Provided records –
▼▼▼

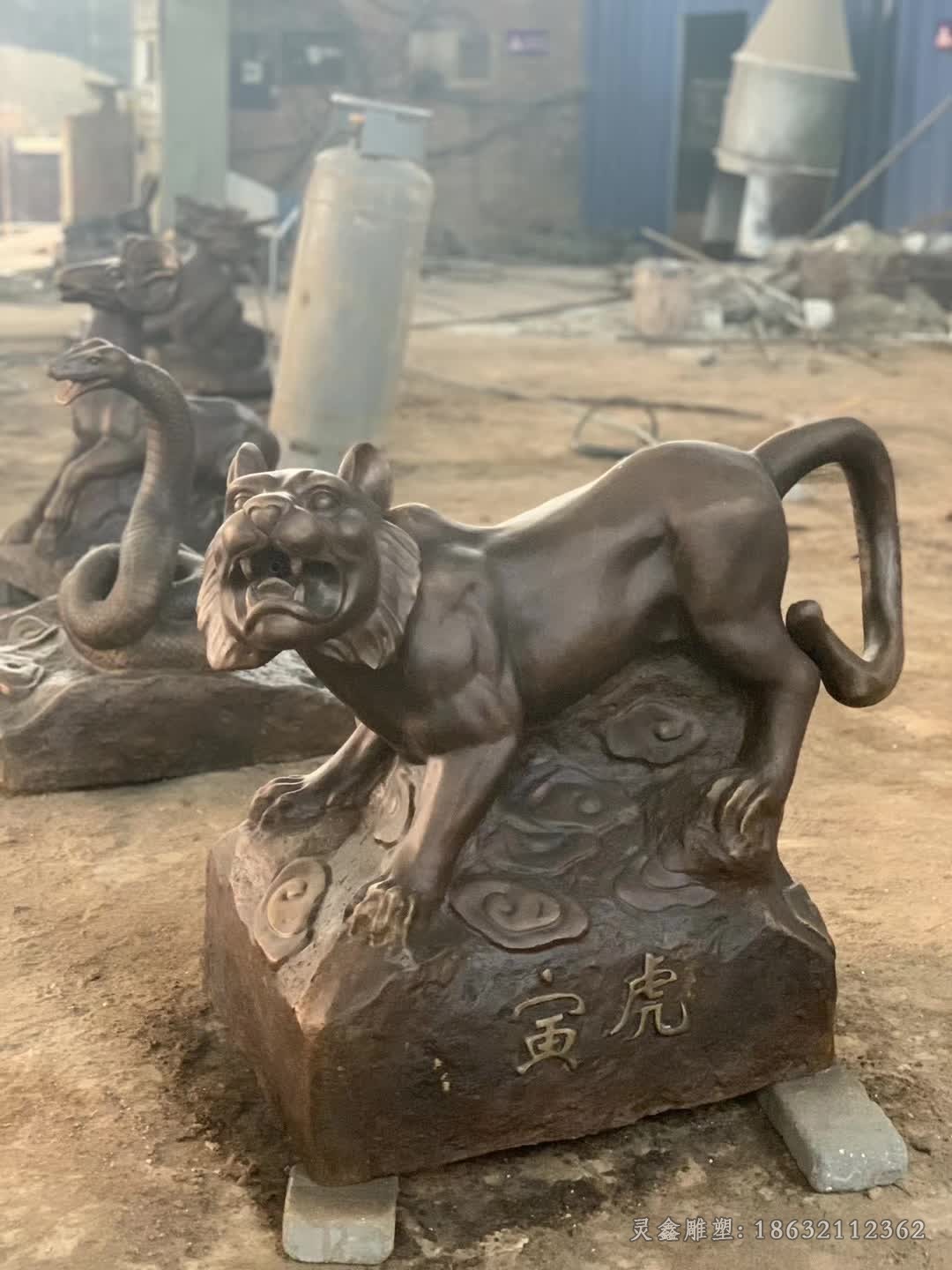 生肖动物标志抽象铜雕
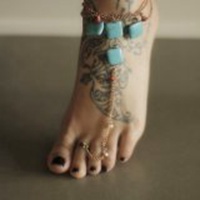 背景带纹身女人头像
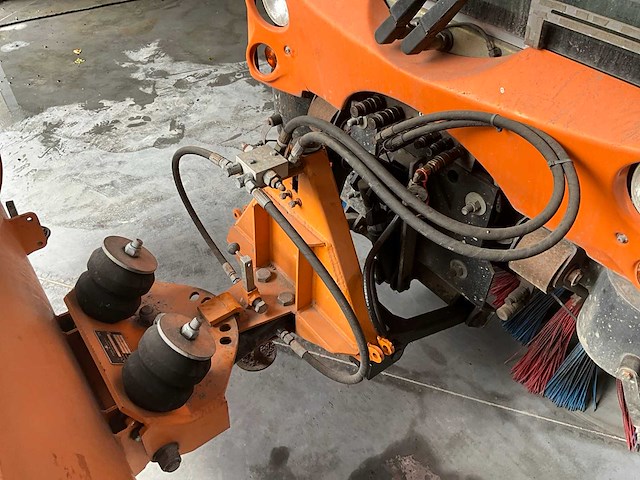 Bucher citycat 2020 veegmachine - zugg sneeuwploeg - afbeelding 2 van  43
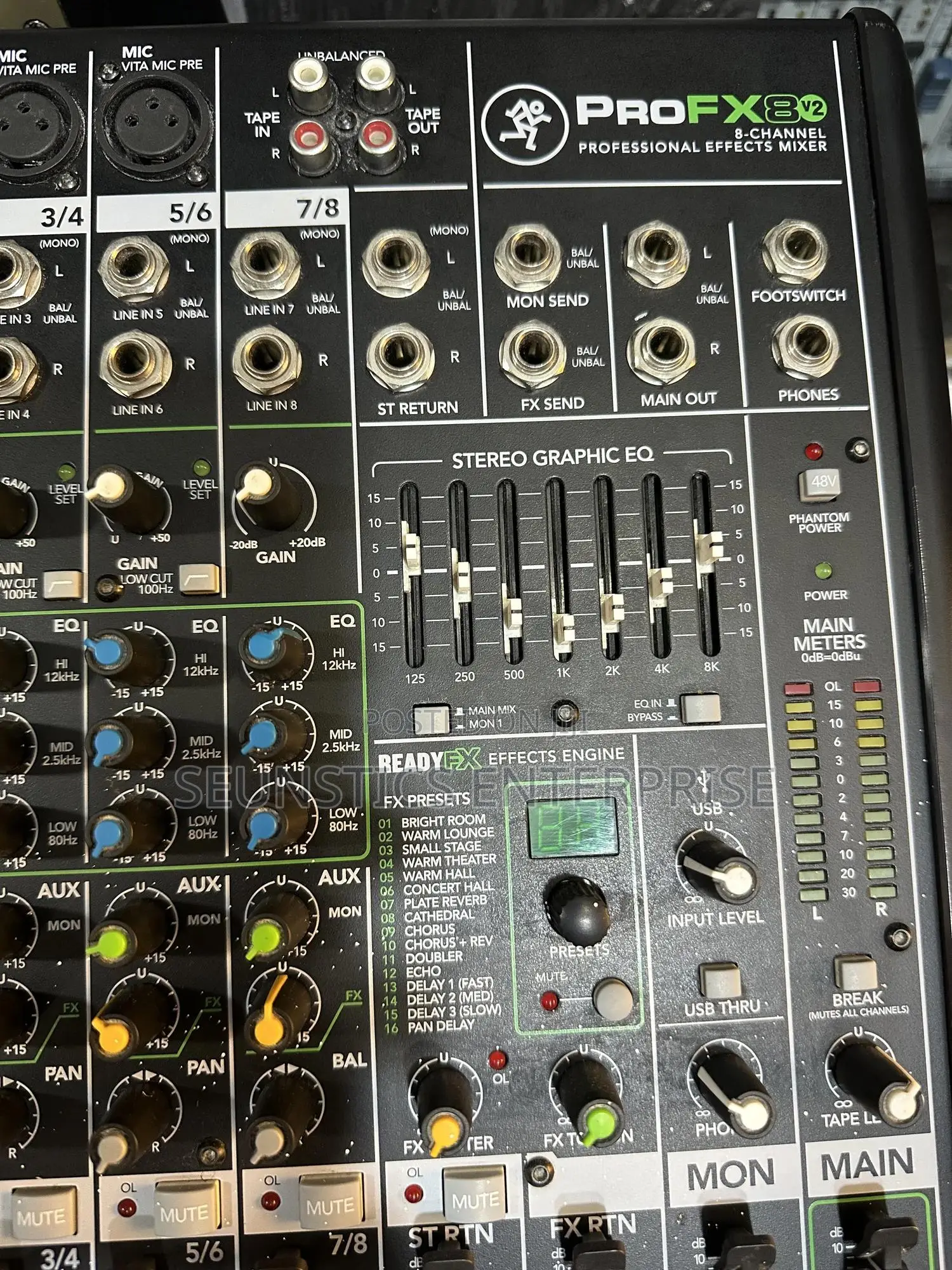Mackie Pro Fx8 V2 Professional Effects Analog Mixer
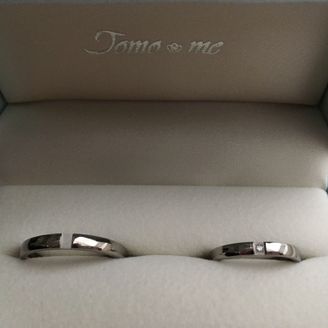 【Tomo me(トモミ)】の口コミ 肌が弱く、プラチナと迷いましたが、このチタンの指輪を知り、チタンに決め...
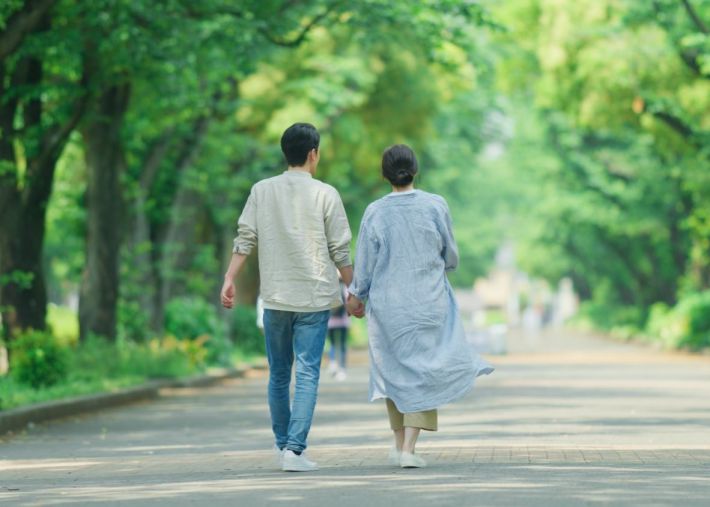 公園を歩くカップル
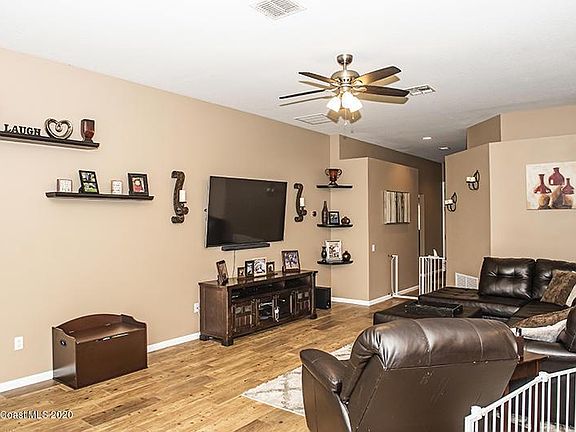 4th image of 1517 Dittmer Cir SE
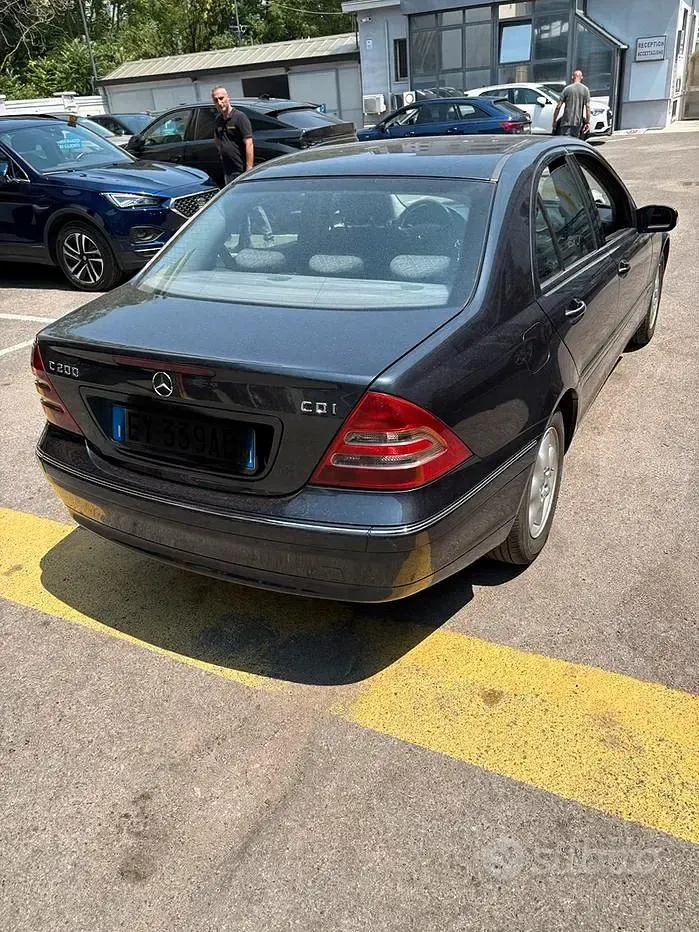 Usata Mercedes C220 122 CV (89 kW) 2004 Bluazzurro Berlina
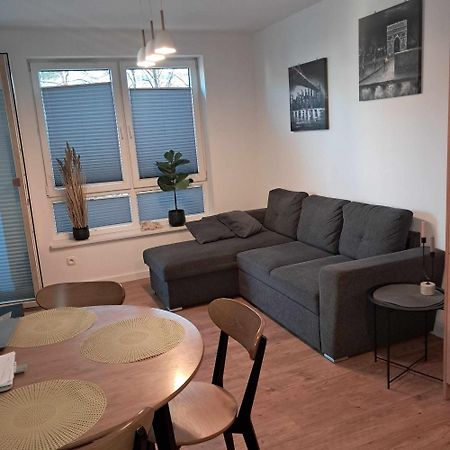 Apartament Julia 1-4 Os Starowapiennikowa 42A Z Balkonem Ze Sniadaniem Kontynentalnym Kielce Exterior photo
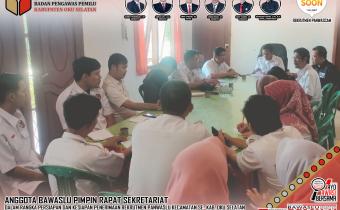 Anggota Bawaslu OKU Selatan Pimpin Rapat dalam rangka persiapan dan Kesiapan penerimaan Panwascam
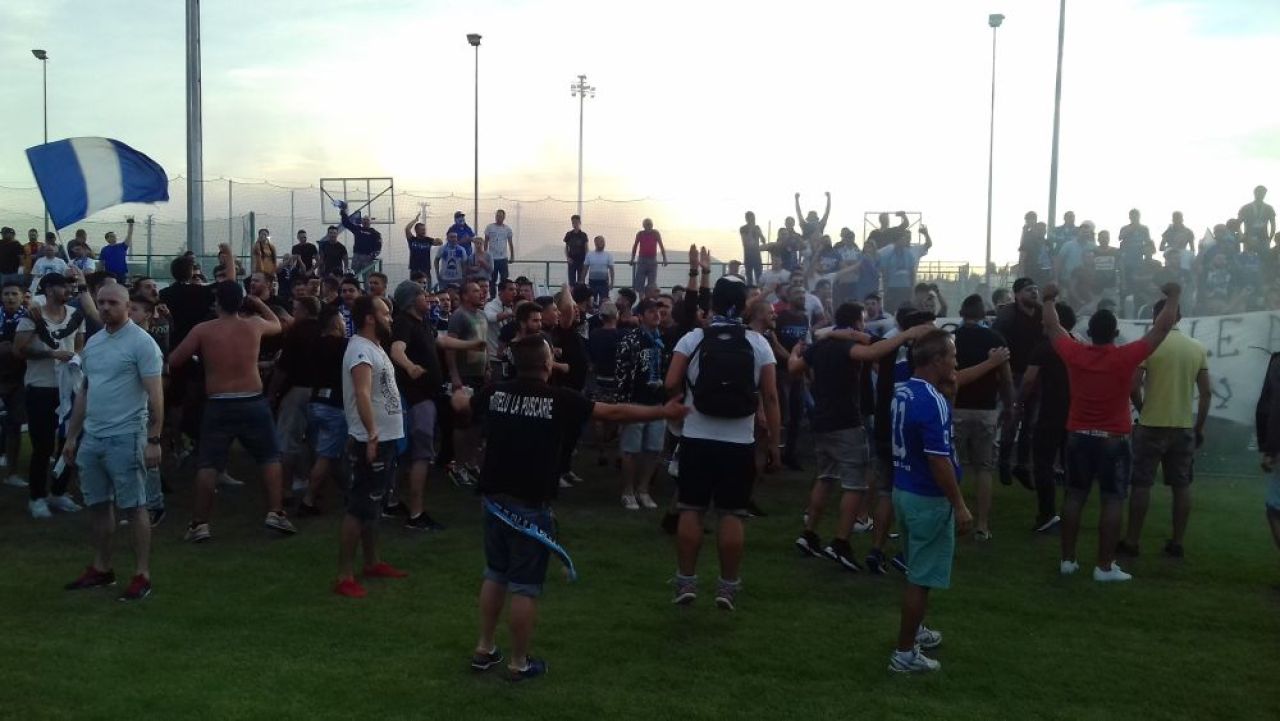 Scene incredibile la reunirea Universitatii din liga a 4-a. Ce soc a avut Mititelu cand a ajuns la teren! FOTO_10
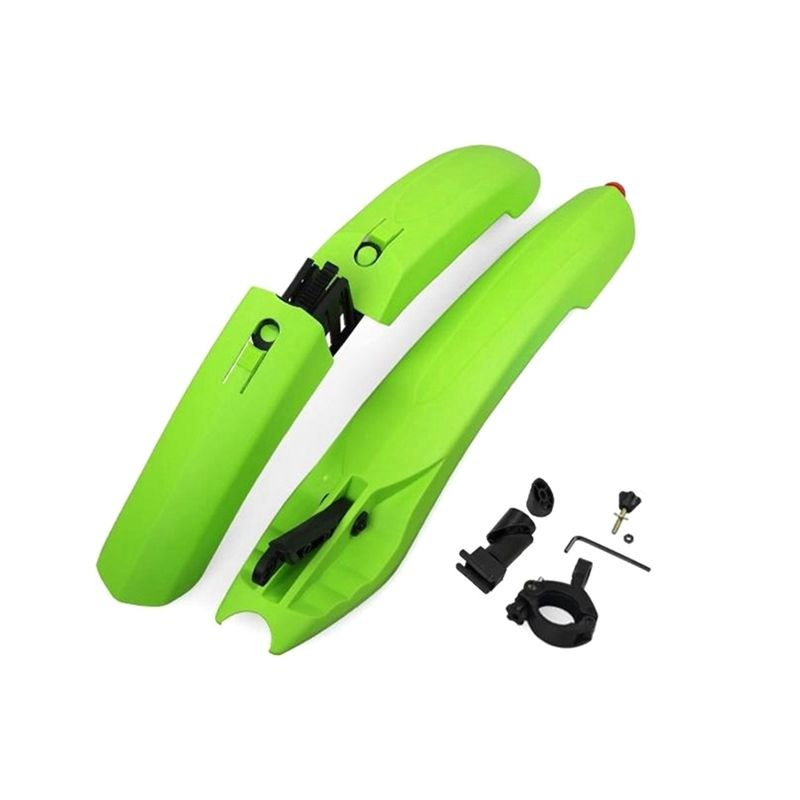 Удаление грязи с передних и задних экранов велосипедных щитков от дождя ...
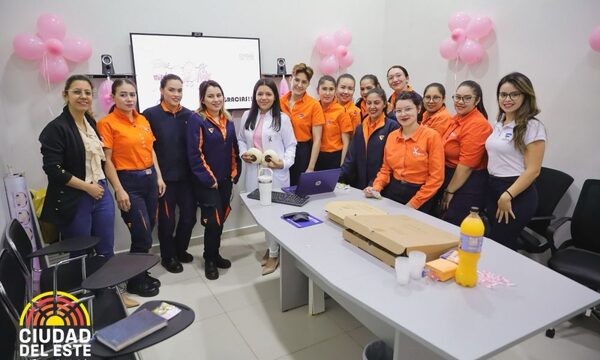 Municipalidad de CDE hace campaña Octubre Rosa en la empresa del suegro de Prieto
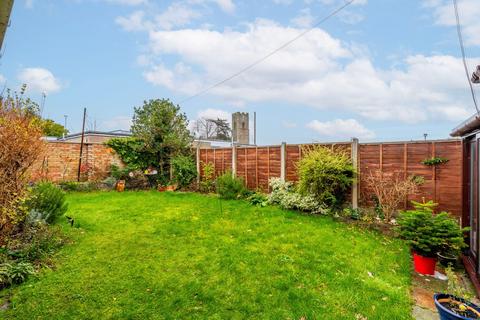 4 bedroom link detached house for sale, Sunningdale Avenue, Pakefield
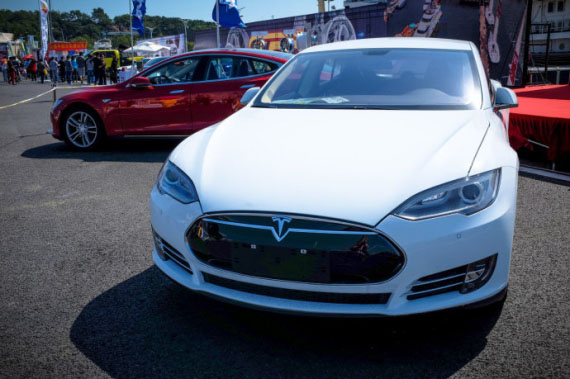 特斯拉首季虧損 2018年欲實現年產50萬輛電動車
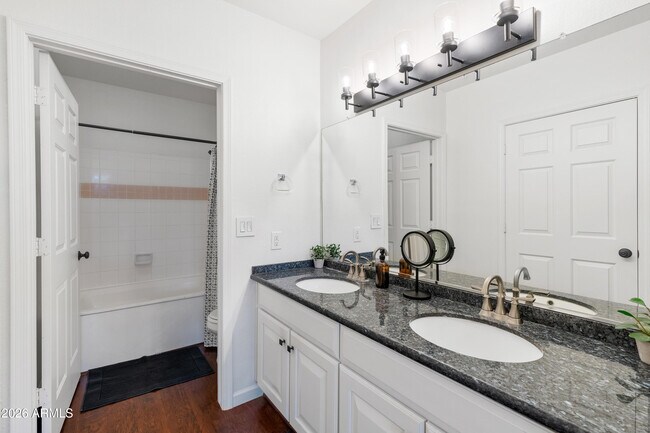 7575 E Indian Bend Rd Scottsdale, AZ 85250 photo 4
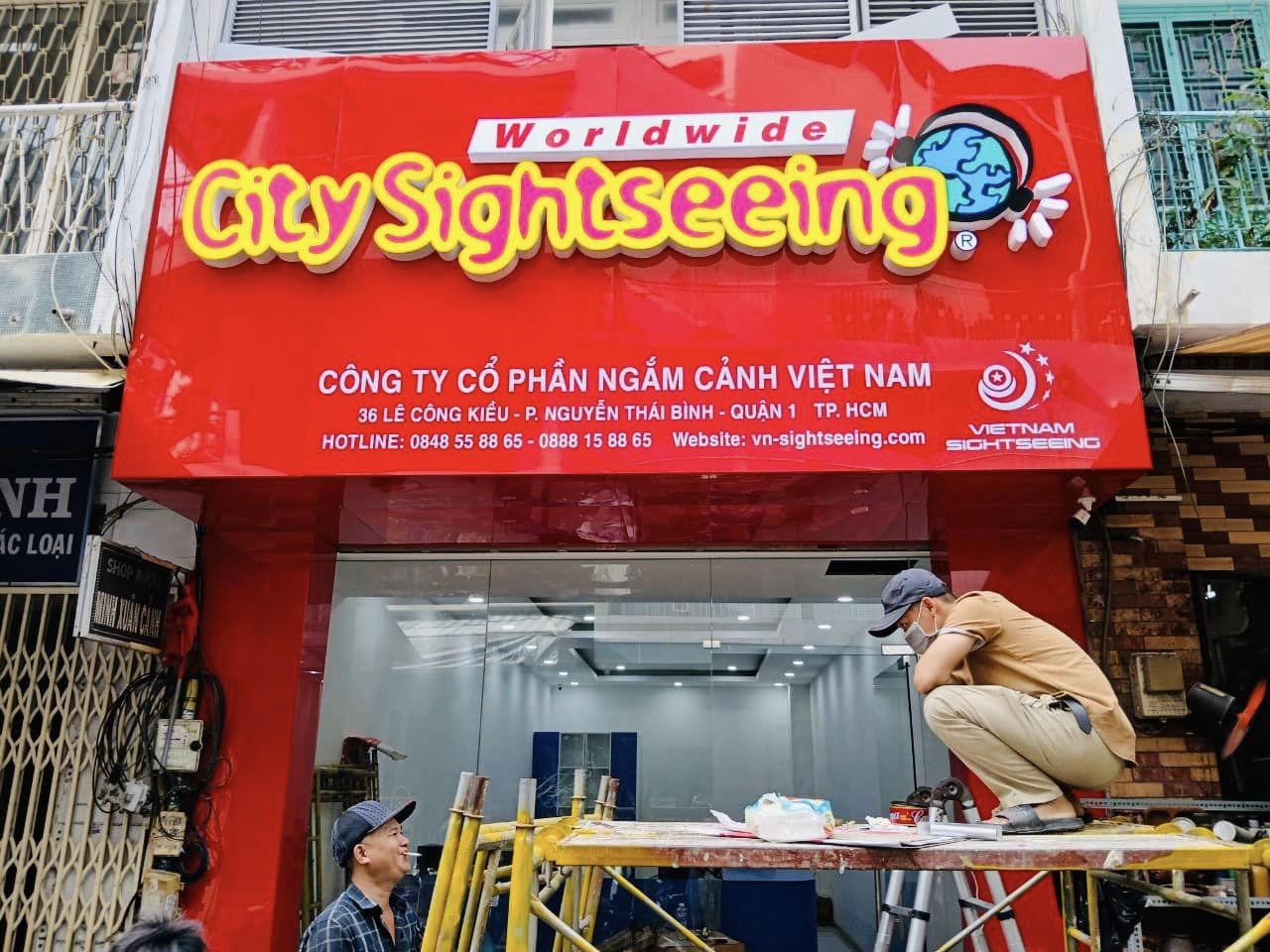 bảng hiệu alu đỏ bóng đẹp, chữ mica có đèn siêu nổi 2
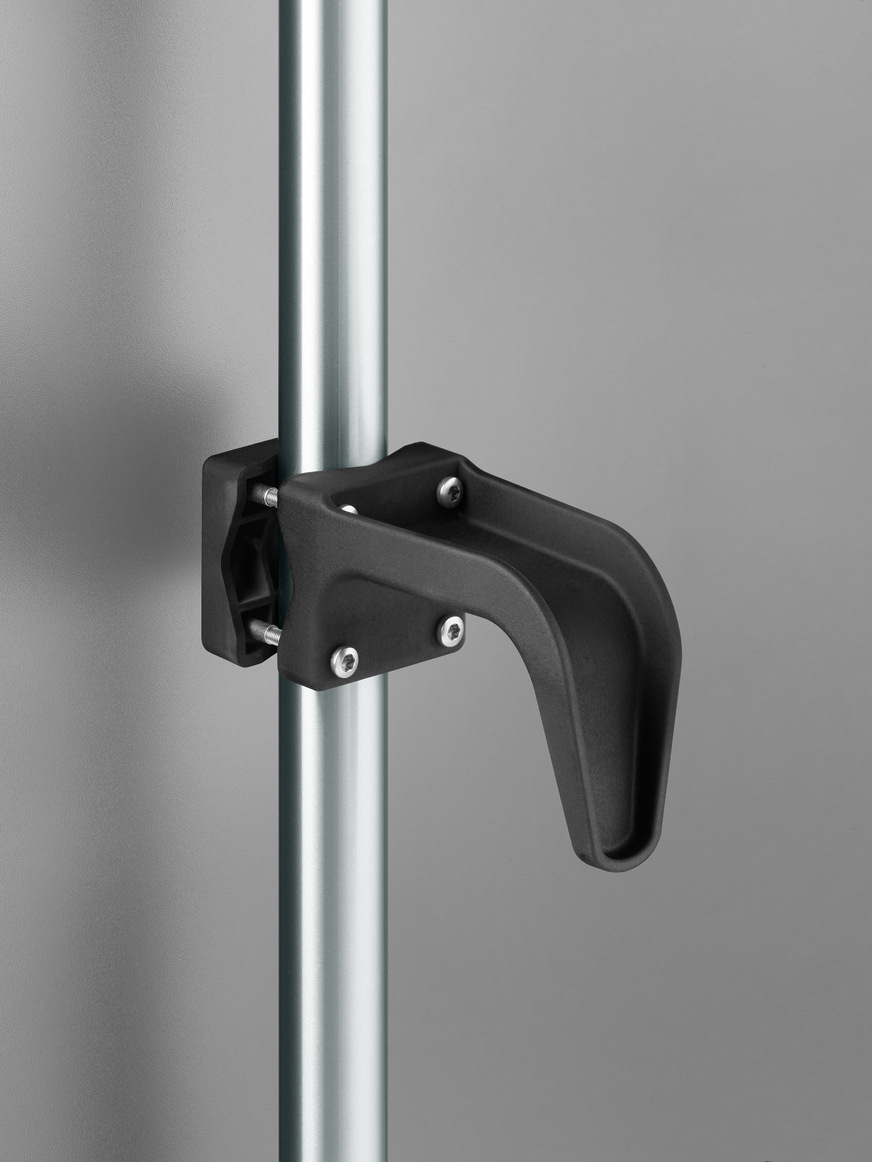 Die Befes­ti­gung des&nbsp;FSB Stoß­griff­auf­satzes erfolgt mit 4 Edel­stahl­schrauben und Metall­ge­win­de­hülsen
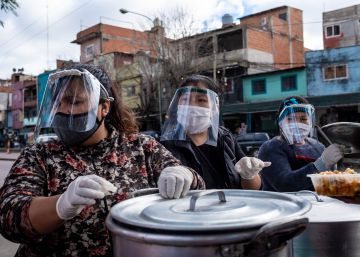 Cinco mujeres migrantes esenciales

▲▲▲

Task brief –
Please restate each entry exactly, but drop any picture it holds.

Response for this exercise –
 生肖动物标志抽象铜雕
 背景带纹身女人头像
 Bucher citycat 2020 veegmachine - zugg sneeuwploeg - afbeelding 2 van  43
Mackie Pro Fx8 V2 Professional Effects Analog Mixer
 【Tomo me(トモミ)】の口コミ 肌が弱く、プラチナと迷いましたが、このチタンの指輪を知り、チタンに決め...
 公園を歩くカップル
 4th image of 1517 Dittmer Cir SE
 Usata Mercedes C220 122 CV (89 kW) 2004 Bluazzurro Berlina
 Apartament Julia 1-4 Os Starowapiennikowa 42A Z Balkonem Ze Sniadaniem Kontynentalnym Kielce Exterior photo
 Anggota Bawaslu OKU Selatan Pimpin Rapat dalam rangka persiapan dan Kesiapan penerimaan Panwascam
 Scene incredibile la reunirea Universitatii din liga a 4-a. Ce soc a avut Mititelu cand a ajuns la teren! FOTO_10
 Удаление грязи с передних и задних экранов велосипедных щитков от дождя ...
 Municipalidad de CDE hace campaña Octubre Rosa en la empresa del suegro de Prieto
 4 bedroom link detached house for sale, Sunningdale Avenue, Pakefield
 特斯拉首季虧損 2018年欲實現年產50萬輛電動車
 7575 E Indian Bend Rd Scottsdale, AZ 85250 photo 4
 bảng hiệu alu đỏ bóng đẹp, chữ mica có đèn siêu nổi 2
 Die Befes­ti­gung des&nbsp;FSB Stoß­griff­auf­satzes erfolgt mit 4 Edel­stahl­schrauben und Metall­ge­win­de­hülsen
 Cinco mujeres migrantes esenciales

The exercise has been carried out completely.